Comment by: Neil Yates
Focus area: Fire safety regulation
Regulator concerned: Fire safety (Fire Authority)
I have run a fire safety consultancy since 1977 and am giving my objective view of the enforcement of the Fire Safety Order based upon the 3,000 properties we are involved with
1. The majority of responsible persons know they must undertake a fire risk assessment but are not aware of the other articles they must comply with.
2. The majority of “fire consultants” in the UK do not advise their Clients of the depth of duties set out in articles 8-22 and 24.
3. Many “fire consultants” and companies do not have adequate competence to undertake fire risk assessments; they will not train to the standards recommended by the FIRE RISK ASSESSMENT COMPETENCY COUNCIL – Competency Criteria for Fire Risk Assessors until they ar forced to by legislation. Poor advice will continue to be given to responsible persons.

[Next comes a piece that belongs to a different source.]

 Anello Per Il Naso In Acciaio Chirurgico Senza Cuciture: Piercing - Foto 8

4. Due to current fiscal restraints many responsible persons do not comply with their duties when identified as failings in a fire risk assessment.
5. None of the organisations approving persons as fire risk assessors are accredited to do so and more organisations are popping up with good web sites offering approvals for a few hundred pounds! Approving organisations should be UKAS accredited.

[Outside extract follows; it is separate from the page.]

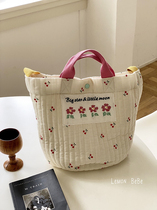 South Korea Ins Canvas Bag Office Workers Lunch Bag Big Capacity Hand Out Mommy Bag Art Light Mother & Baby Bag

6. Fire authorities enforcement has improved since 2006 but there are many enforcement officers that issue onerous requirements in enforcement notices. We argued with one fire authority for nearly two years against such requirements and finally the fire authority agreed with my fire risk assessment and solutions to overcome deficiencies. For my time the cost to Client would have been £25,000; due to fire officers incompetence!
7. The Chief Fire Officers Association document: “Collected Perceived Insights Into and Application of The Regulatory Reform (Fire Safety) Order 2005 For the Benefit of Enforcing Authorities” has many onerous items that will cost companies several hundred, maybe thousands of pounds for compliance. For example: to record all significant findings: the CFOA is advising that fire risk assessment reports should show all significant findings including a fire protected staircase installed and a fire alarm installed etc. This appears to be well over the top causing the risk assessor to spend a lot more time to identify and list such items, at additional cost. If a staircase is not to a satisfactory standard, or a fire alarm is non-operative that is significant and action necessary should be recorded in the fire risk assessment report. This can only be fully explained by discussion.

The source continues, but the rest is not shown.